Since 1996, tens of thousands of people have come to Topping in September for the “Wings & Wheels” festival to reflect on those classic vehicles of their youth and remember how those cars made them feel; while at the same time getting up-close looks at some unusual and classic aircraft.
The show goes on rain or shine on Saturday, September 29, from 8 a.m. to 4 p.m. There is no admission fee, but there is a parking fee. All proceeds benefit the nearby Hartfield Volunteer Fire Department.
Wings and Wheels 2009
Barnhardt’s fascination with airplanes started with rides in his father’s single-engine plane. “My parents told me that before I was born, I was flying.”
The airport spark started to flame in the early 1990s after he located his classic vehicle restoration business “Innovative Restorations” in a vacant hangar at Hummel Field. He was a car guy working on classic cars while watching airplanes take off and land. “I felt like I was missing something,” he said. “I wanted to do something different.”
Wings and Wheels was hatched when Barnhardt and some friends put their “motor heads” together. Planes, cars and boats are a mixture that complement each other. What “gear head” has not looked up at a plane flying over and wondered how it floats on air, or watched a speeding boat skim the water?
Machines that move us around hold an almost intangible attraction. Whirling gears, valves and pistons emit harmonic vibrations that travel deep into the psyche of those who are moved by explosions of fuel, which are controlled by the operator.
Add sculpted shiny metal, gleaming paint and rich fabrics and you have art.
In spite of the known dangers, and perhaps because of them, pilots push the envelope. A few years ago, he flew as co-pilot to Oshkosh, Wisconsin, for an aircraft show.

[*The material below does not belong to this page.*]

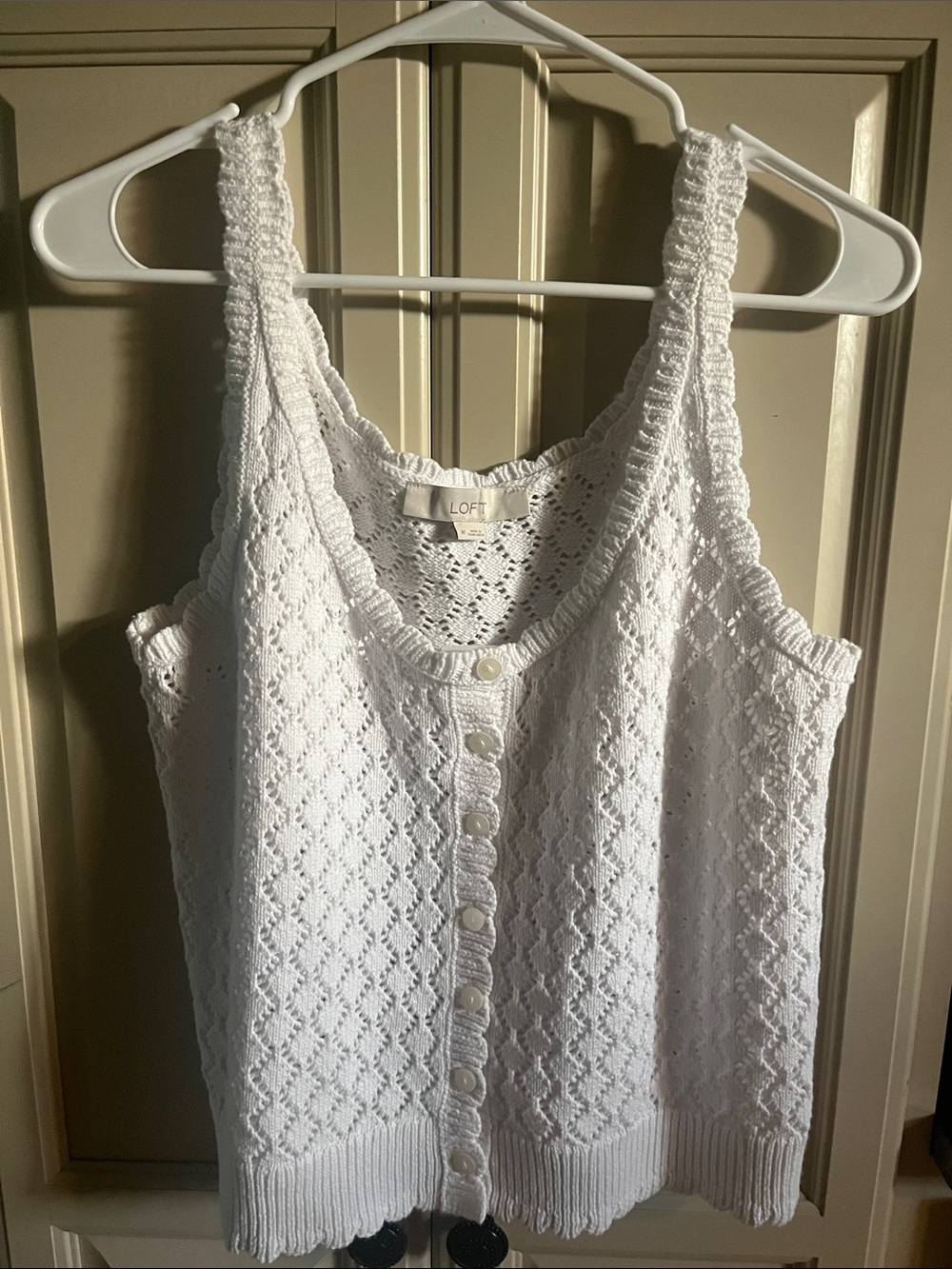 LOFT White Crochet Button-Front Camisole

They had to weave their tiny plane through and around unknown weather.
Another time, in a heavily-loaded biplane, he barely made it over a fence at the end of an Indiana runway and had to dodge a few trees to “stay clear of obstacles.” You would have thought that the three men in the plane had just won the Super Bowl with the excitement onboard. These experiences only ingrained flying deeper into his psyche, said Barnhardt. “It’s a lot of who I am.”
On September 29 Barnhardt will be back in a golf cart working the show grounds next to the runway at Hummel Field, helping out where needed. “I’ve enjoyed being a part of Wings & Wheels & Keels,” he said. “It has drawn so many people into the world I live in.”

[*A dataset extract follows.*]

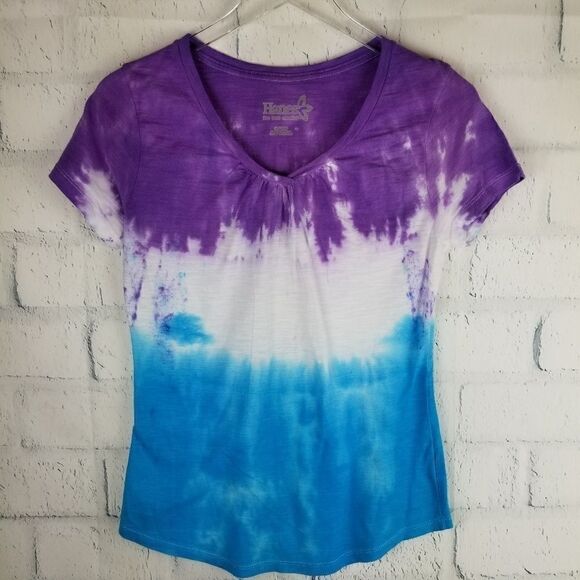 Hanes Tie Dyed V-neck Short Sleeve Tee. Size S. - Picture 1 of 8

The show changed its name a few years ago from “Wings & Wheels” to “Wings, Wheels & Keels” to include classic and antique boats. During past shows, when he’s heard visitors talk about vehicles in excited ways, their faces light up like it’s date night. “That’s my reward, it’s huge. I never imagined in the beginning how this would turn out.”

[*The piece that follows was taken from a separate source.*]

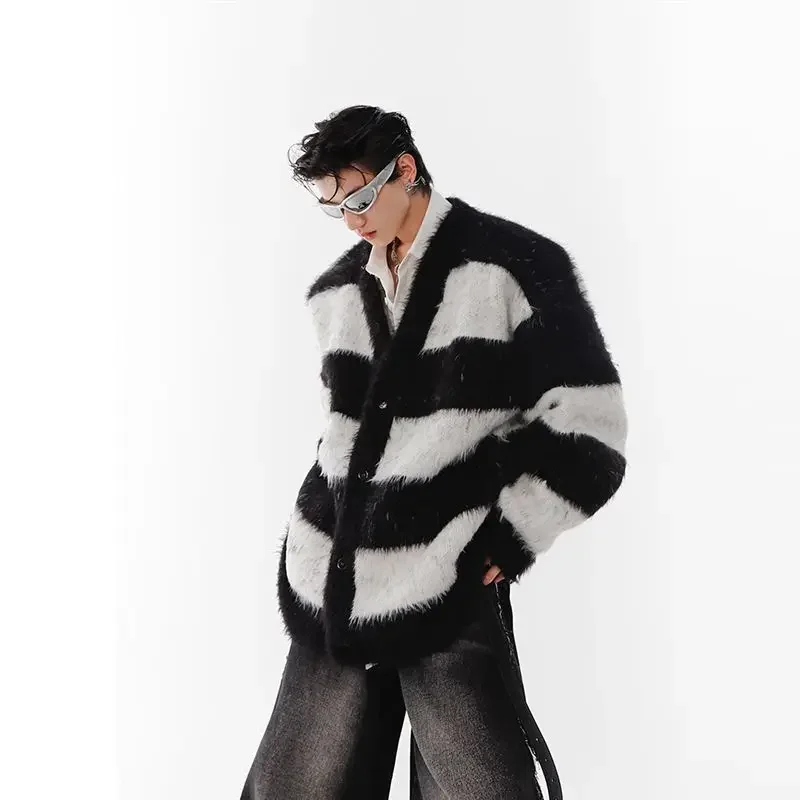 New Men's Knitted Cardigan Imitation Mink Sweater Coat Men and Women in The Fall and Winter Fashion Trend Loose Couple Jacket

His biggest reward is knowing that the Wings, Wheels and Keels will entertain them for a few hours and, just maybe, make some more good memories.
This year Wings, Wheels & Keels will have more than 150 antique and classic cars, numerous aircraft, and a dozen or more boats, including “Cocktail Class” wooden racing boats.
Antique airplanes with a premiere showing of select seaplanes, and a helicopter are among the antique, ultra-lite and experimental aircraft to be displayed.
It will again feature the acclaimed “Radio Active Air Shows” that includes “the flying lawn mower.” The radio-controlled aircraft will amaze onlookers with their stunt flying.
A “Save the Chesapeake” theme will feature displays by the Virginia Institute of Marine Science (VIMS), the Chesapeake Bay Foundation, Friends of the Chesapeake, and soil and water conservation groups.
There will be a children’s carnival, a hot air balloon display, an antique firetruck parade, arts and crafts, and Chesapeake Bay style foods.
In addition, the Virginia Department of Treasury unclaimed division will be on hand, along with the Virginia Department of Aviation.